WORK ORDER> Images in the data are to be skipped, while every line is restated exactly as written.

EXERCISE DATA>
Segment Open
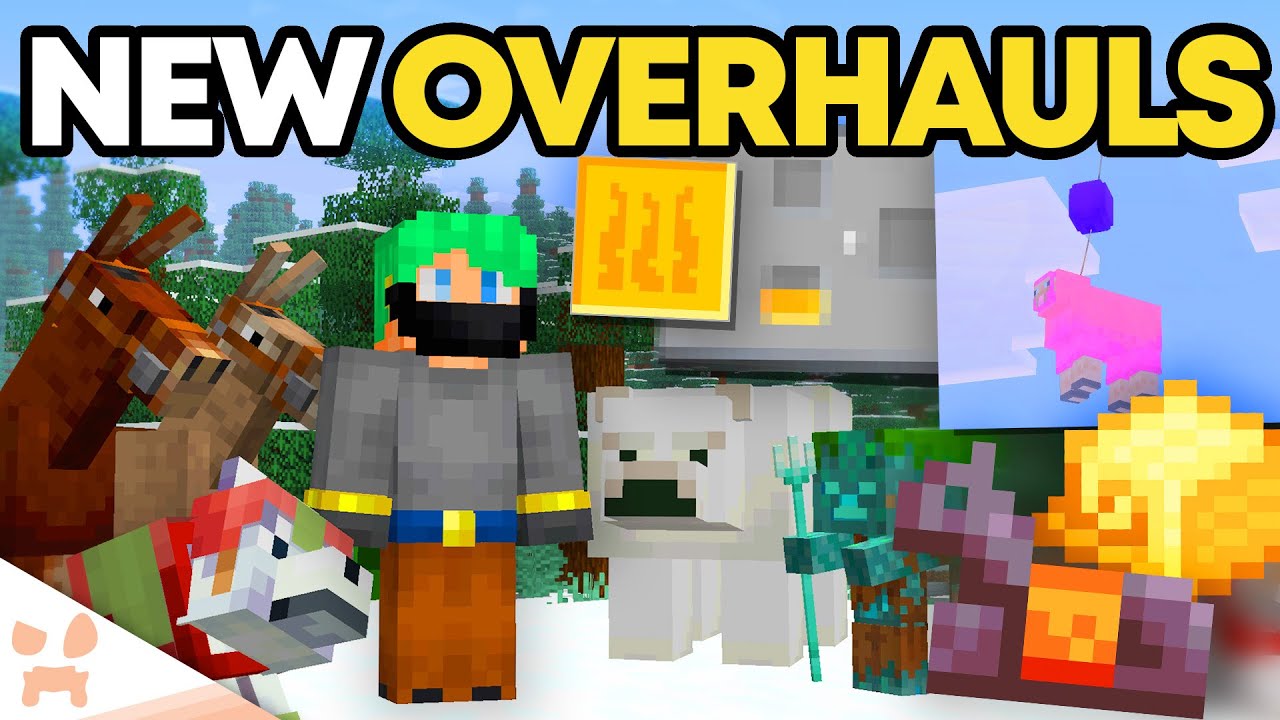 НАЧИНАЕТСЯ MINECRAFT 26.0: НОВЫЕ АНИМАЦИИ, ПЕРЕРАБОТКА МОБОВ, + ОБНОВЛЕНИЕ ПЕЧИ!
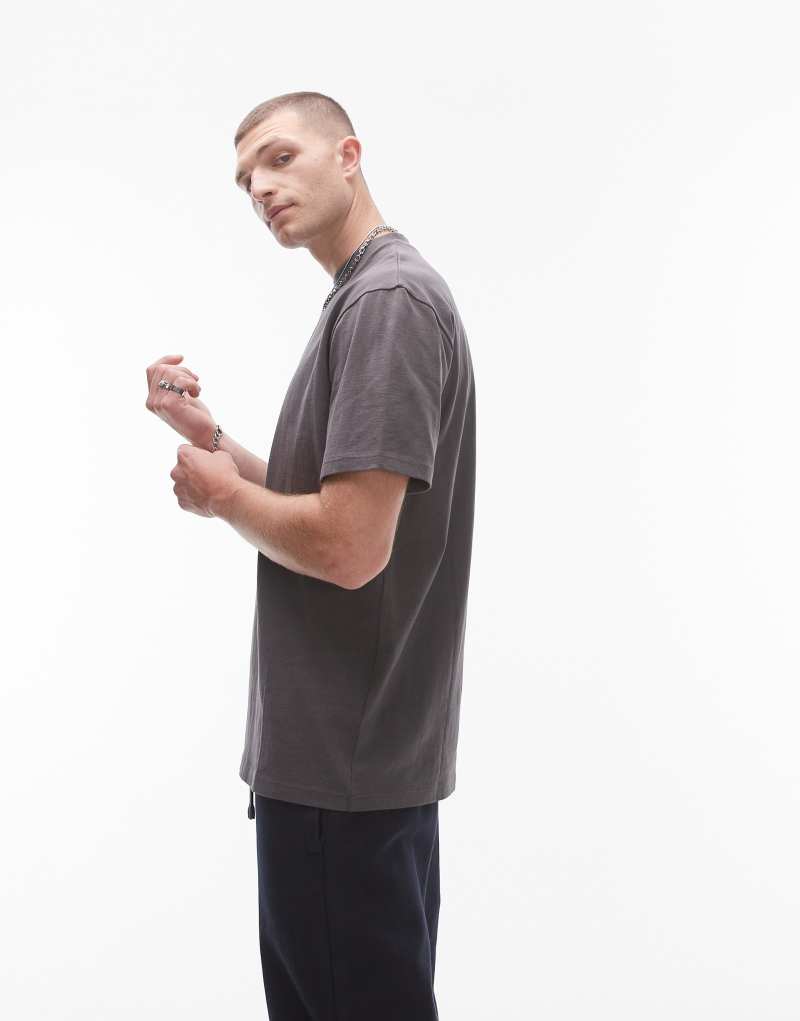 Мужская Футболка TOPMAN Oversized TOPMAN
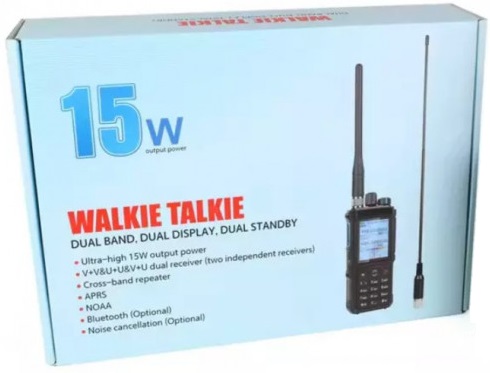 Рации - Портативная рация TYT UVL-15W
Segment Closed
EXERCISE RESPONSE>
 НАЧИНАЕТСЯ MINECRAFT 26.0: НОВЫЕ АНИМАЦИИ, ПЕРЕРАБОТКА МОБОВ, + ОБНОВЛЕНИЕ ПЕЧИ!
 Мужская Футболка TOPMAN Oversized TOPMAN
 Рации - Портативная рация TYT UVL-15W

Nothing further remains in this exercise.